## DATASET CONTENT
----------
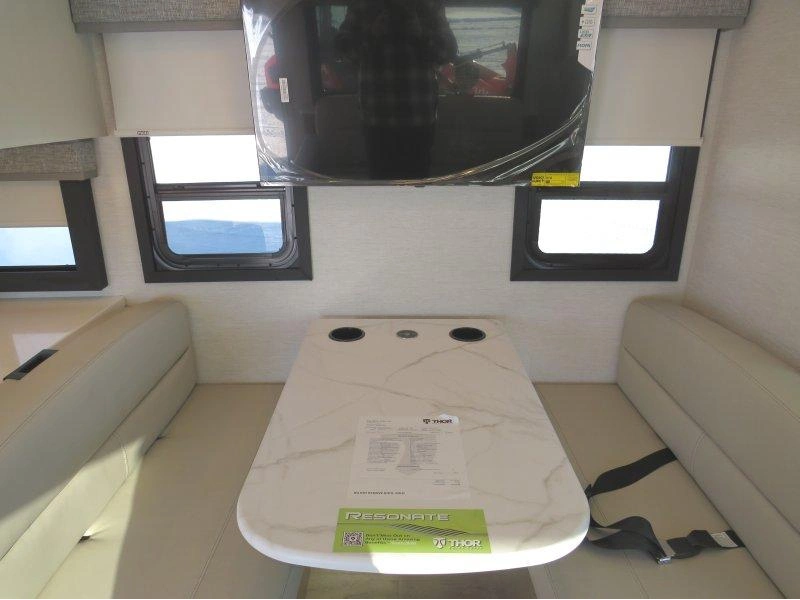 Thor Motor Coach Resonate 30c 2026 alt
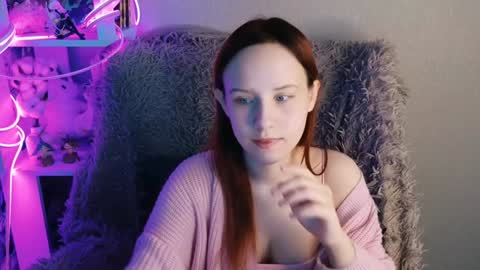 Snapshot of sarakaell chatting on 5, 2, 2025 Sara online show from 5, 2, 2025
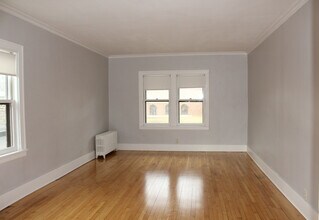 1696 1/2 W Grand Ave in St. Paul, MN - Building Photo - Building Photo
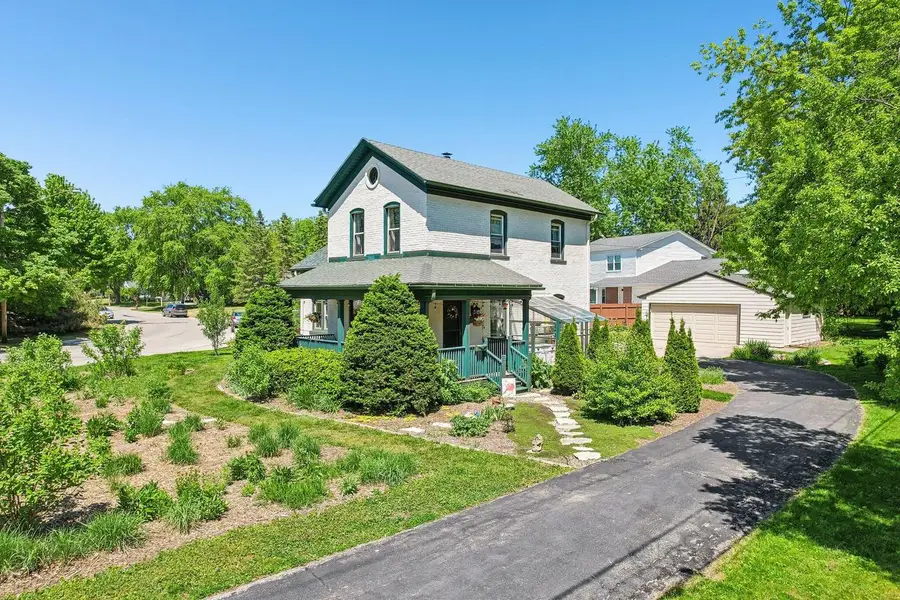 5404 N Mohawk AVENUE, Glendale, WI 53217 - #2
----------
## TASK TO CARRY OUT
Every line between the one containing "Snapshot of sarakaell" and the last line of the data above, both included, should be copied exactly, but not the pictures.

## THE COMPLETED TASK
 Snapshot of sarakaell chatting on 5, 2, 2025 Sara online show from 5, 2, 2025
 1696 1/2 W Grand Ave in St. Paul, MN - Building Photo - Building Photo
 5404 N Mohawk AVENUE, Glendale, WI 53217 - #2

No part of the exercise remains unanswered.